Ma così lo può vedere, e può cambiare prospettiva: non più solo dal fuori al dentro di sé (dall’immagine nello specchio (società, stereotipo) con tutte le conseguenti possibili ferite che questo può provocare) ma anche da dentro al fuori da sè.

Bianca passa attraverso la frammentazione, quasi ossessiva e angosciante, dell’immagine di sé che lo stereotipo le restituisce e la supera con un gesto semplice e delicato come è quello del chiudere gli occhi e raccogliersi nel proprio corpo, affidandosi ad esso, a quello che già sa e soprattutto sente.

Continua a ballare per liberarsi dall’immagine condizionante e ritrovarsi di nuovo in un’immagine, al di qua dello specchio, questa volta integra e riconosciuta. Ora si vede riflessa così com’è, senza il peso, la forma e la dimensione  dei pregiudizi. 

Distogliere lo sguardo dal “fuori” e volgerlo su di sè, passare da un’immagine riflessa ad una riflessiva, vedersi da una prospettiva interna, le permette di affrontare le ferite che gli stereotipi causano e di usarle come feritoie per riscoprire una dimensione corporea non più vissuta nella sola forma ma soprattutto nel suo sentire emotivo.

Molte volte inciampiamo in modelli di pensiero fissi e imposti da luoghi comuni di cui non ci accorgiamo ma che vanno a stratificarsi nella profondità dell’animo creando un effetto onda che colpisce varie parti di sè.
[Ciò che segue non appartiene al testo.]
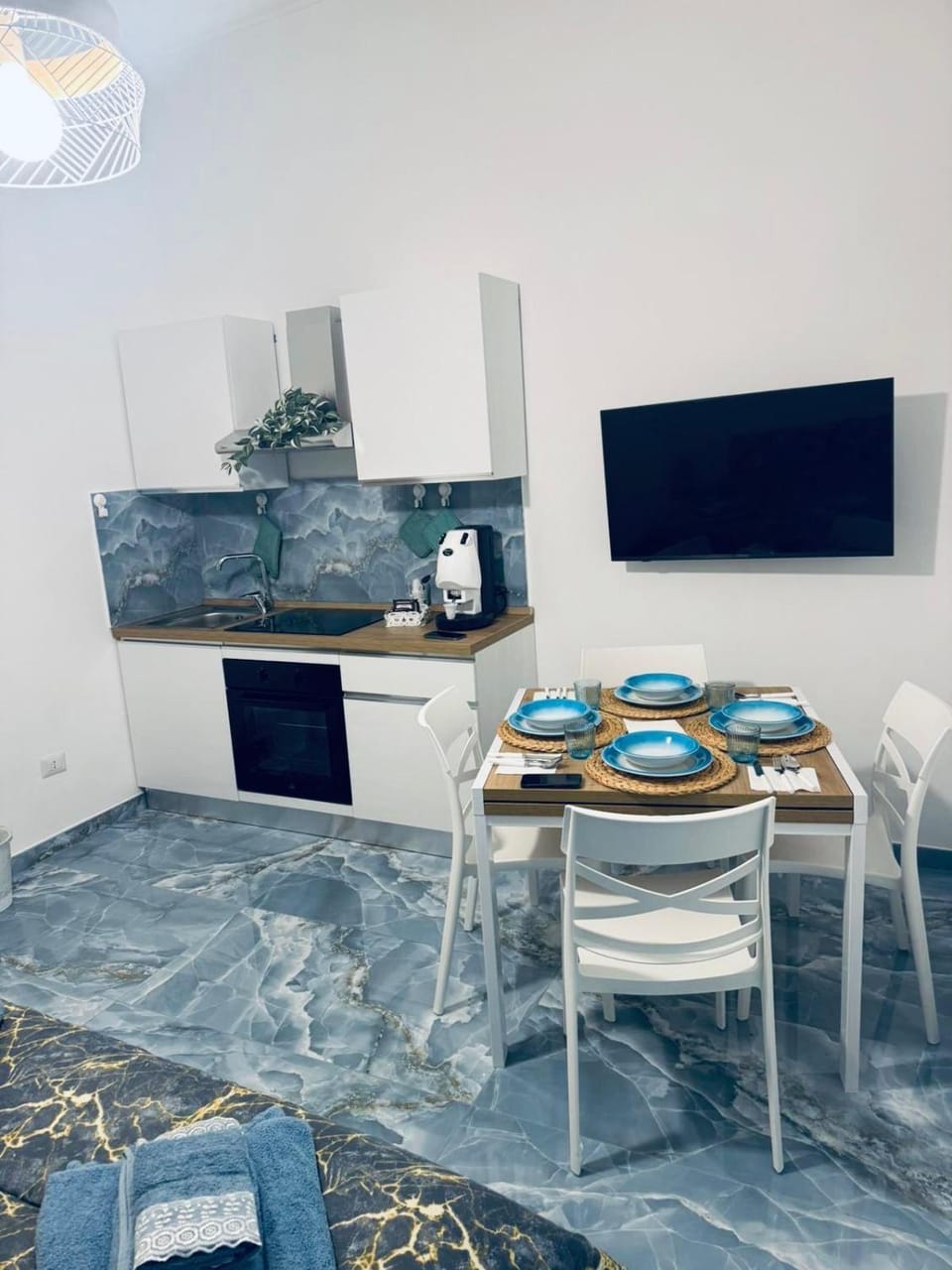 Communal lounge/ TV room, TV and multimedia, Kitchen or kitchenette, Dining area, Evening entertainment, minibar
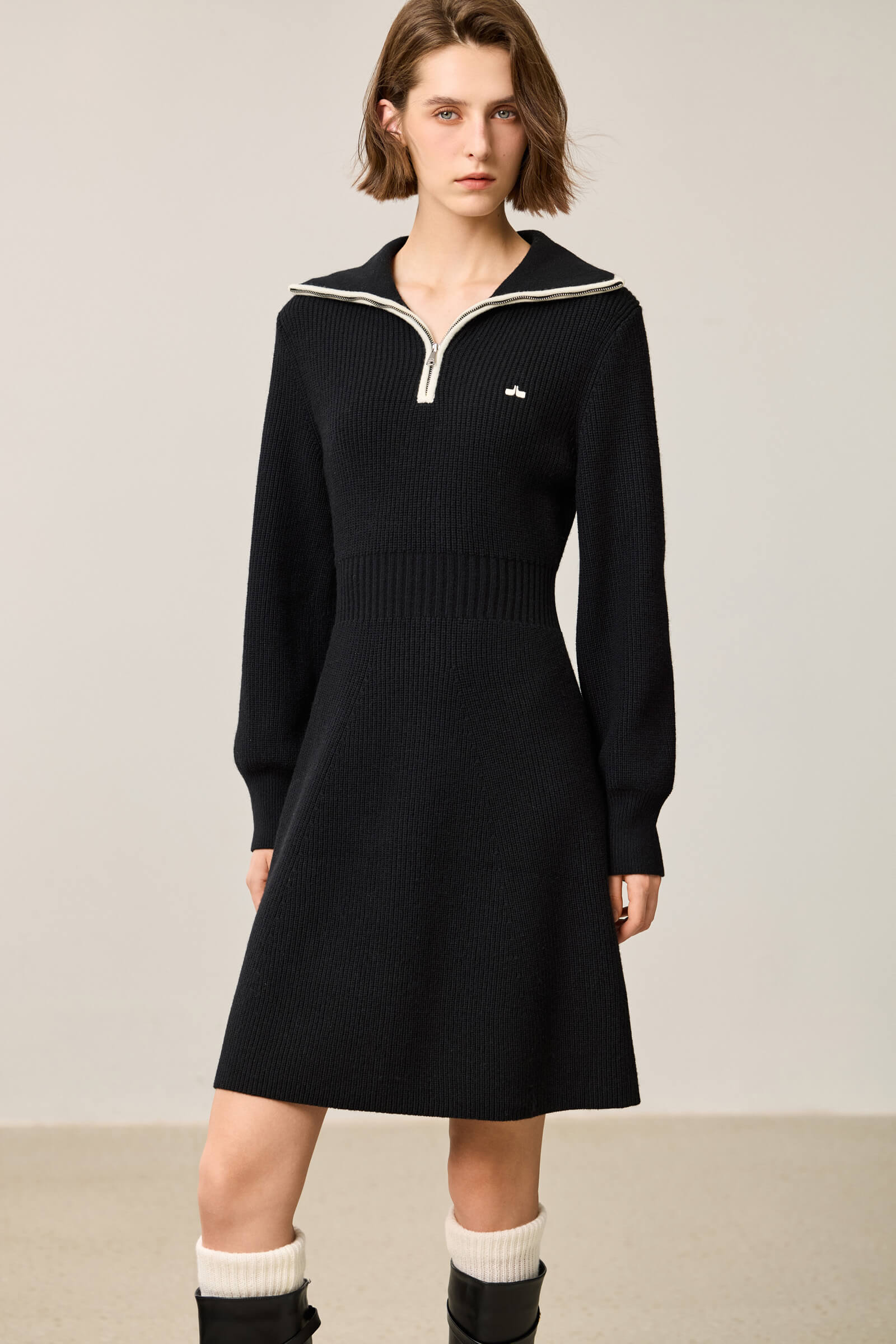 ワンピース Lily knit long dress LILY Stylish Zip-Neck Long Sleeve Knit Dress – LILY Official Store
Strato dopo strato, onda dopo onda, in un certo preciso istante qualcosa si rompe, si frammenta, e spinge oltre alla propria immagine reale confondendola con quella ideale e stereotipata che, invece, appare angosciante e talvolta mostruosa, da combattere.

Possiamo venirne distrutti o possiamo interiorizzarla in modo diverso, facendone trampolino di lancio per far volare, o danzare, le proprie risorse interne.

Possiamo così sentire lo stereotipo, nominarlo e romperlo per andare verso il nostro Sè autentico e la sua immagine reale, fatta sì di luci e di ombre ma sicuramente libera di essere quella che è con il proprio posto, la propria forma e dimensione.